Our security admins are requesting that we exclude certain file extensions (i.e. malware extensions) from all backups. Is it possible to have global exclusions that affect every dataset, without having to add the same exclusions to each dataset?
Secondly, how much do file extension exclusions affect backup performance? If it's significant, what's the best way to minimize the impact?
In order to exclude certain file extensions, you will have to tell avtar which file extensions. Unfortunately, i believe there are only 2 ways to do that:
1. Add it to every dataset for file system
2. Add it to avtar.cmd for every file system client
In most cases, it would be easier to add it to dataset than avtar.cmd for every file system client.

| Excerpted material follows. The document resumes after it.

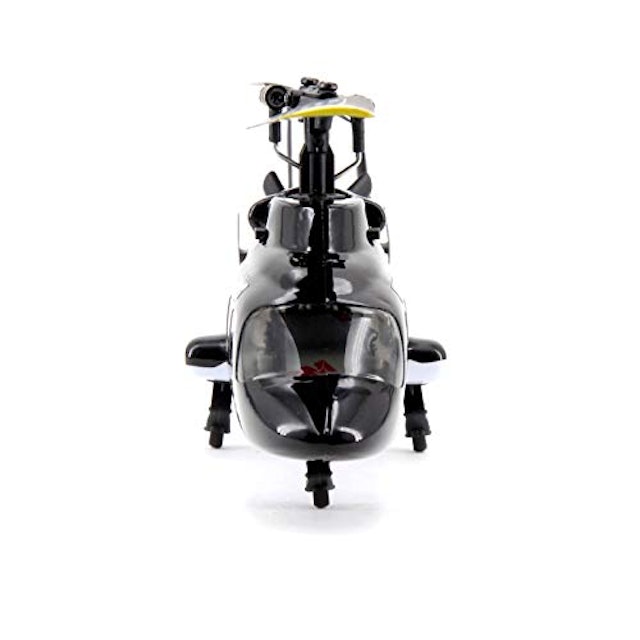 21年 ラジコンヘリのおすすめ人気ランキング10選 Mybest 21年 ラジコンヘリのおすすめ人気ランキング10選 Mybest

Regarding the second question, excluding a file will mean that the file isn't backed up and therefore isn't processed by avtar. Effectively this will result in a positive change to performance compared with a backup where the file is not excluded.

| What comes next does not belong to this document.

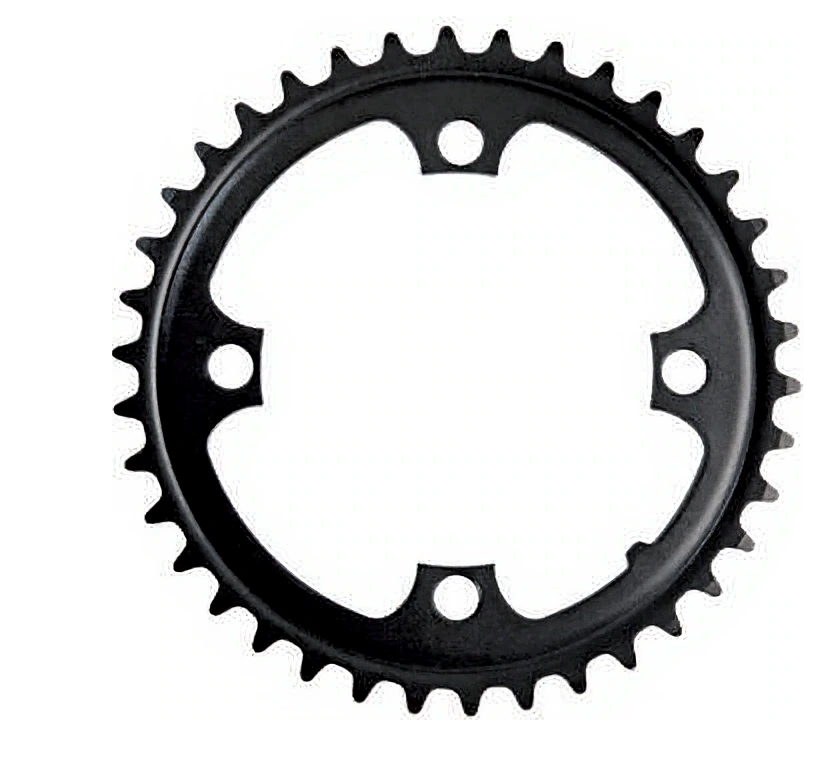 Standard Chainring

Moving beyond malware concerns, if you exclude extensions for many large and frequent changing files this can result in significantly quicker backups.

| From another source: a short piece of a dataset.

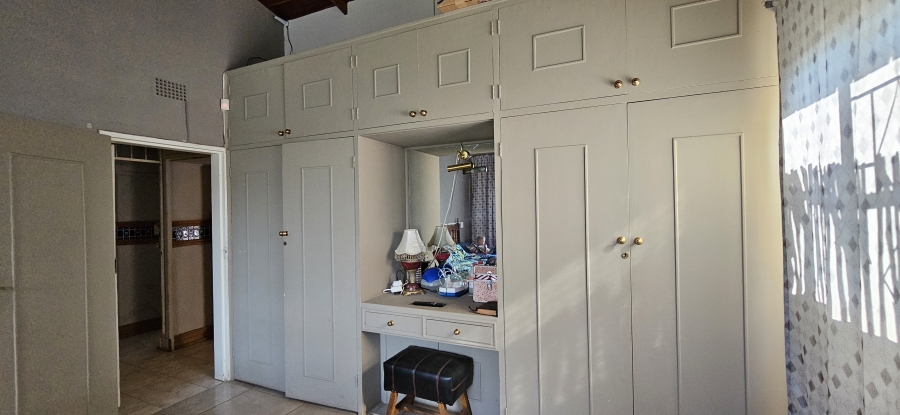 3 Bedroom Property for Sale in Risiville Gauteng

The following article discusses this in more detail
nr is largely correct but I thought I should clarify that nothing is free.
If you are no longer backing up the excluded files, there will likely be a performance gain from that (potentially a very large performance gain, especially if the files have high change rates). However, there is still an overhead cost associated with checking whether or not each file matches any of the defined exclude patterns. This overhead cost is extremely low on a file-by-file basis but may add up if there are very large numbers of excludes (thousands) or very large numbers of files (millions). This is because each file must be checked against all the items in the exclude list one by one. This may only add, say, a few microseconds to the processing of each file but if you have thousands of excludes defined and a dataset of millions of files, that overhead can add up.
To minimize this overhead, keep the number of excludes defined in the dataset to a reasonable number.
Thanks for the replies.
Ian, that overhead is what I'm concerned about. Some of our datasets have upwards of 8 million files. I have been given five exclusions so far, but I'm likely to be given more in the future. Would you expect much impact to my backups?
Thanks Ian. I assume the previous posters were correct with regard to the only ways to exclude being either per client or per dataset (i.e. no actual global exclusions).
Michael, I've been asked to exclude extensions relevant to the recent Wannacry malware attack:
Thanks brastedd! I was thinking that might be it, but always on the lookout for additional information and techniques/practices. Much appreciated!